→ Description of the task
Omit the images. Reproduce each line of the records exactly as it appears.

Brief descriptive captions
━━━━━━━━━━

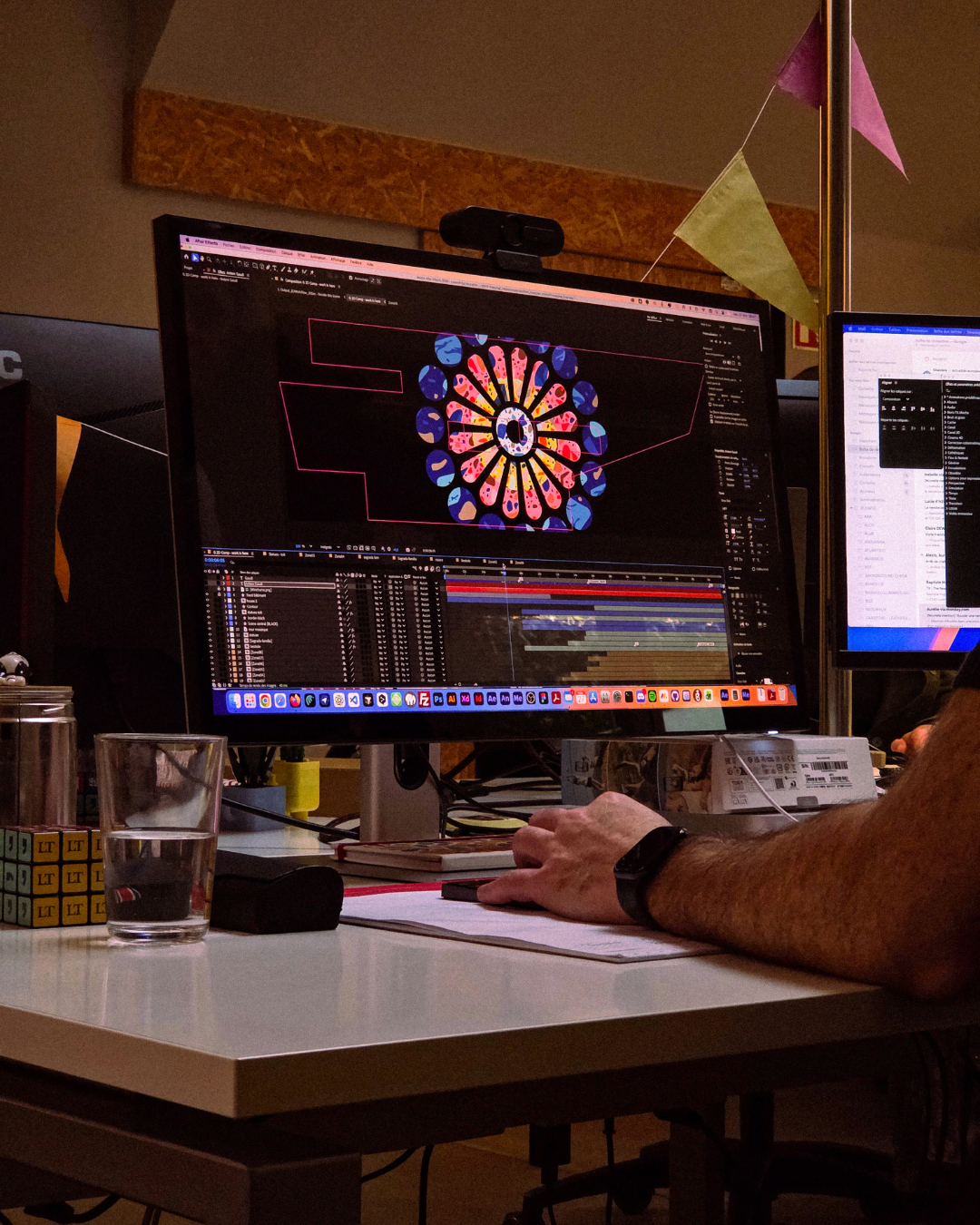 "Gaudì Rhapsody" on the SCREEN - Photo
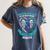 Loss Remembrance In Memory Of My Daughter Suicide Awareness Women's Comfort Colors T-Shirt Moss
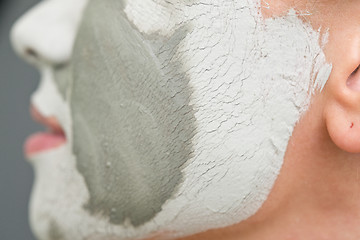 Image showing clay mask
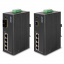 Web/Smart POE Industrial Fast Ethernet Switch Planet ISW-514PSF, IP30 4-Port/TP+1-Port Fiber (SFP), -10 to 60 C t('фото') 0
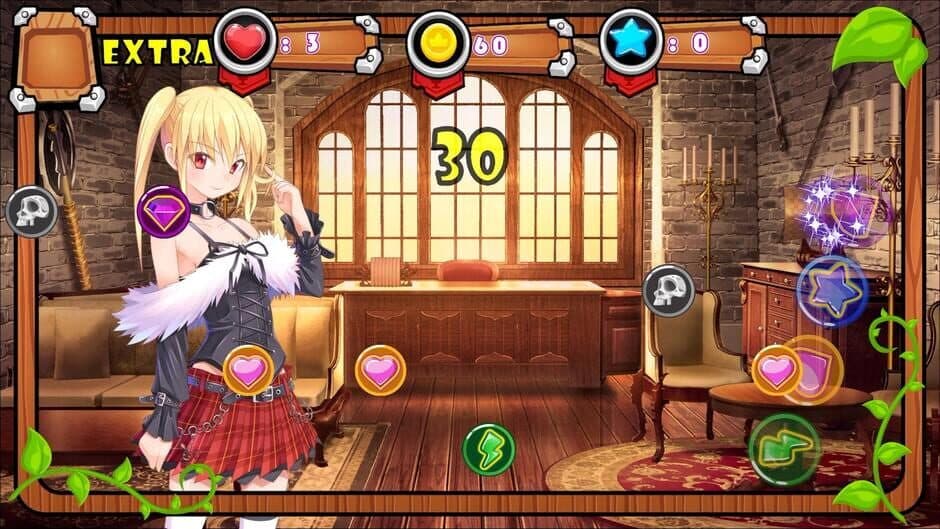 Скриншот 8 из Moe Waifu H: Fantasy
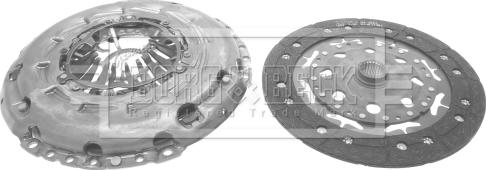 Borg & Beck HK2580 - Komplet kvačila www.molydon.hr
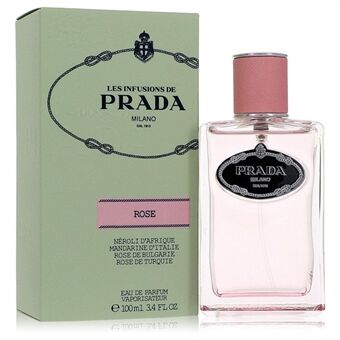 Prada Infusion De Rose by Prada - Eau De Parfum Spray 100 ml - for kvinner
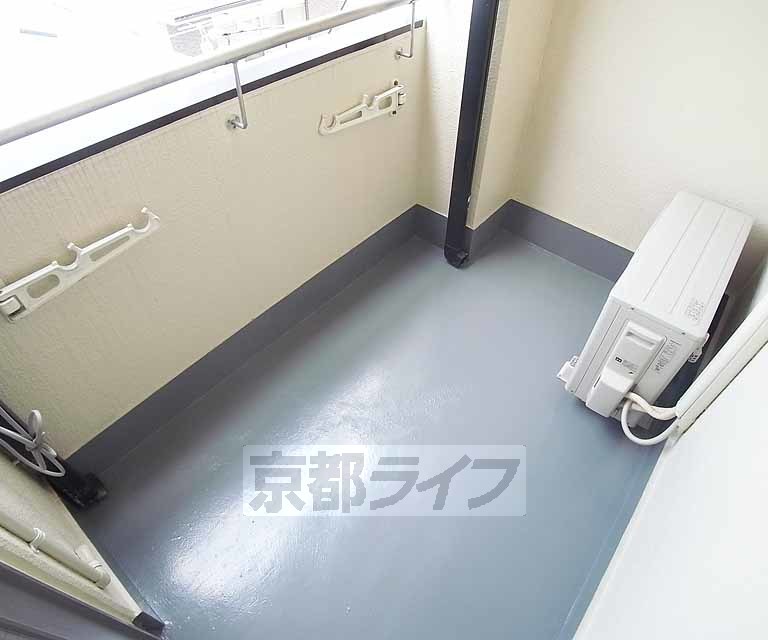 バルコニー　広いバルコニーです。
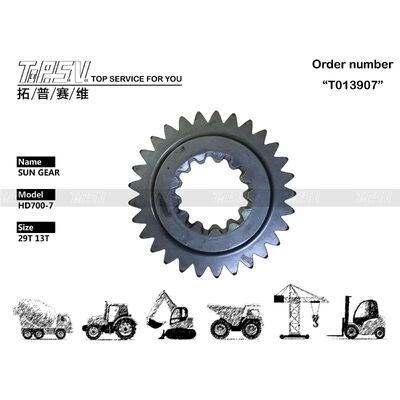 Good price HD700-7 Graafmachine Swing 1 Stage Sun Gear Pinion voor Swing Drive graafmachine reserveonderdelen online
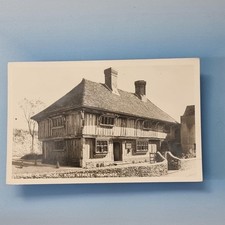 Margate Postcard C1930 Real Photo Kent King Stret Old Tudor House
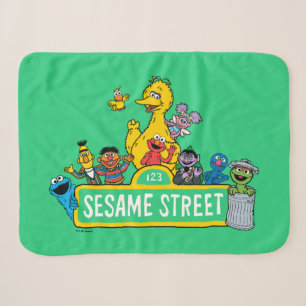 Couverture Sherpa Rue Sésame   Tout autour de l'enseigne de la rue S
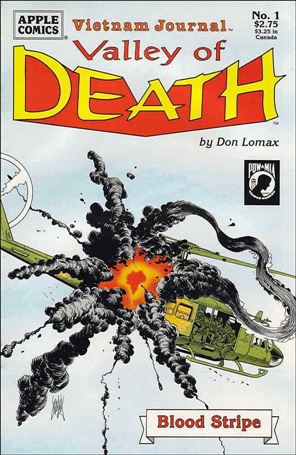 Vietnam Journal: Valley of Death Cover Image 1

━━━━━━━━━━

→ Expected output
 "Gaudì Rhapsody" on the SCREEN - Photo
 Loss Remembrance In Memory Of My Daughter Suicide Awareness Women's Comfort Colors T-Shirt Moss
 Image showing clay mask
 Web/Smart POE Industrial Fast Ethernet Switch Planet ISW-514PSF, IP30 4-Port/TP+1-Port Fiber (SFP), -10 to 60 C t('фото') 0
 Скриншот 8 из Moe Waifu H: Fantasy
 Borg & Beck HK2580 - Komplet kvačila www.molydon.hr
 Prada Infusion De Rose by Prada - Eau De Parfum Spray 100 ml - for kvinner
 バルコニー　広いバルコニーです。
 Good price HD700-7 Graafmachine Swing 1 Stage Sun Gear Pinion voor Swing Drive graafmachine reserveonderdelen online
 Margate Postcard C1930 Real Photo Kent King Stret Old Tudor House
 Couverture Sherpa Rue Sésame   Tout autour de l'enseigne de la rue S
 Vietnam Journal: Valley of Death Cover Image 1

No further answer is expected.